**Excerpted data:**
━━━━━━━━━━━━━━━━━━━━

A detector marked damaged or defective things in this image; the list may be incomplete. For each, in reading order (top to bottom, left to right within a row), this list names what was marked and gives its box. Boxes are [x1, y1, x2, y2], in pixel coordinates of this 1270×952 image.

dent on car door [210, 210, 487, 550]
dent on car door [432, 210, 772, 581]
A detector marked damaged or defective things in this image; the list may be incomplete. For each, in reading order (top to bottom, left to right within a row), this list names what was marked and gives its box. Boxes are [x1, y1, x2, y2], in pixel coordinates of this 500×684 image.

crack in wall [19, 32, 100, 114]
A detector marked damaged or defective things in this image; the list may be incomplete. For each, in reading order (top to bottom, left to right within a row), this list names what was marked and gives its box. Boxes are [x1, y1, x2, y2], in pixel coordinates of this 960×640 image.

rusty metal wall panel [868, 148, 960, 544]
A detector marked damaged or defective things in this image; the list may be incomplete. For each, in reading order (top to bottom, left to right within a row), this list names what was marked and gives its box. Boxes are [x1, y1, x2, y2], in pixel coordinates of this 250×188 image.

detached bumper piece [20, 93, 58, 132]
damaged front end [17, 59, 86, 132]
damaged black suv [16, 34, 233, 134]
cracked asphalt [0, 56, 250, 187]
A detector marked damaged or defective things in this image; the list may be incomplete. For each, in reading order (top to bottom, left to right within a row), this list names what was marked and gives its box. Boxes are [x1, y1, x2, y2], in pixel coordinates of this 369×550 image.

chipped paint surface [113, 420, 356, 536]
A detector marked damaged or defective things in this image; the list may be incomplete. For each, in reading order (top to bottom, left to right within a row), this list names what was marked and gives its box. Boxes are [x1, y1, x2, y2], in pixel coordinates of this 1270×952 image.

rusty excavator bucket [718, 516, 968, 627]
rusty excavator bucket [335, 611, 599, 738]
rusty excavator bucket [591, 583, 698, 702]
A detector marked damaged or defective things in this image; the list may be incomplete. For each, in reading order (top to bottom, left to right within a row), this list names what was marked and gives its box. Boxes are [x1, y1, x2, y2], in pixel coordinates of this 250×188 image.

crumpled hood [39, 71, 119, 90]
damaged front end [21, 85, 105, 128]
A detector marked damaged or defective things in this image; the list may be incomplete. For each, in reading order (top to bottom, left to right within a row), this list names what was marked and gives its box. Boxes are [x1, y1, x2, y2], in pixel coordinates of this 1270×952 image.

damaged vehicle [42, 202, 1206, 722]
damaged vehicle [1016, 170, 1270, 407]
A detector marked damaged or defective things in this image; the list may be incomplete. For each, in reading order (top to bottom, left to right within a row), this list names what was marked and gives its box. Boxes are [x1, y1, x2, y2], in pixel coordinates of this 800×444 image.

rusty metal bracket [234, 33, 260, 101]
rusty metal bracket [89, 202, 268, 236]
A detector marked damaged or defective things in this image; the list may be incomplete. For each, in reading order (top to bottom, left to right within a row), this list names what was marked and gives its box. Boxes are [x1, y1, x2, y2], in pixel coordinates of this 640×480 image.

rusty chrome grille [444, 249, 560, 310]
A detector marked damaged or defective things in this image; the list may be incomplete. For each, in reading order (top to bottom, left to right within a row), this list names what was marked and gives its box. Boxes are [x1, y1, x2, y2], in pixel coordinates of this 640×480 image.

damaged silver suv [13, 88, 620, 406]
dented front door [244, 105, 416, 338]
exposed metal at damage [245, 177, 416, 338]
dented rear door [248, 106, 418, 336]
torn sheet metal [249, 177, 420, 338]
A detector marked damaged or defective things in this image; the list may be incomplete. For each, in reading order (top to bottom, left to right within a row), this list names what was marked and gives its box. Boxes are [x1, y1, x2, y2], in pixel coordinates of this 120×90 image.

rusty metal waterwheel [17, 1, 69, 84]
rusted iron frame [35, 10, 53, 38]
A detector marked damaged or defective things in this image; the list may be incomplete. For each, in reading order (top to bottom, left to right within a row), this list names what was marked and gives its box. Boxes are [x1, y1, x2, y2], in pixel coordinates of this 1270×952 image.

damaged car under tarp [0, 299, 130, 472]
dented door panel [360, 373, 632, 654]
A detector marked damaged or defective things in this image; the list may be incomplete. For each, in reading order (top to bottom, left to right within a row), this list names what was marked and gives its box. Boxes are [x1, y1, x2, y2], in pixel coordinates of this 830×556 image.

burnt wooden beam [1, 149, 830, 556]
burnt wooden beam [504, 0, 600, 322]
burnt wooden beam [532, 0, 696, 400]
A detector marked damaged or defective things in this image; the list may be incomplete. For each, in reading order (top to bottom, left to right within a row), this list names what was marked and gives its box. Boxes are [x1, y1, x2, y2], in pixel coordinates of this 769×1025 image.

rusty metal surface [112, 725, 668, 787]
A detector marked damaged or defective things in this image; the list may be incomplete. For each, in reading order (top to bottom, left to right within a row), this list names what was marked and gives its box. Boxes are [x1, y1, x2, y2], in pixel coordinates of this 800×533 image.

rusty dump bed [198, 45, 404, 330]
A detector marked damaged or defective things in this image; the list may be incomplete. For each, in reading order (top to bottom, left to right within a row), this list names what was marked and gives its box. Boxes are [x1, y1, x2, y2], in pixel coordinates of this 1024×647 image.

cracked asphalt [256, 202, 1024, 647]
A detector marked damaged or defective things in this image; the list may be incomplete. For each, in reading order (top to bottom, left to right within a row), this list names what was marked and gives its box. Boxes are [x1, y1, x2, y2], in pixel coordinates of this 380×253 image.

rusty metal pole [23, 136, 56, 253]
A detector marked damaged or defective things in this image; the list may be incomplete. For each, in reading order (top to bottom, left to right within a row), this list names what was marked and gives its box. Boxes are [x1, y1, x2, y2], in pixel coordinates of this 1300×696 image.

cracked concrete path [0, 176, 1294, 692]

━━━━━━━━━━━━━━━━━━━━

Only the lines from the one holding "this 380×253 image." through the end of the listing should appear in the response, each restated exactly.

A detector marked damaged or defective things in this image; the list may be incomplete. For each, in reading order (top to bottom, left to right within a row), this list names what was marked and gives its box. Boxes are [x1, y1, x2, y2], in pixel coordinates of this 380×253 image.

rusty metal pole [23, 136, 56, 253]
A detector marked damaged or defective things in this image; the list may be incomplete. For each, in reading order (top to bottom, left to right within a row), this list names what was marked and gives its box. Boxes are [x1, y1, x2, y2], in pixel coordinates of this 1300×696 image.

cracked concrete path [0, 176, 1294, 692]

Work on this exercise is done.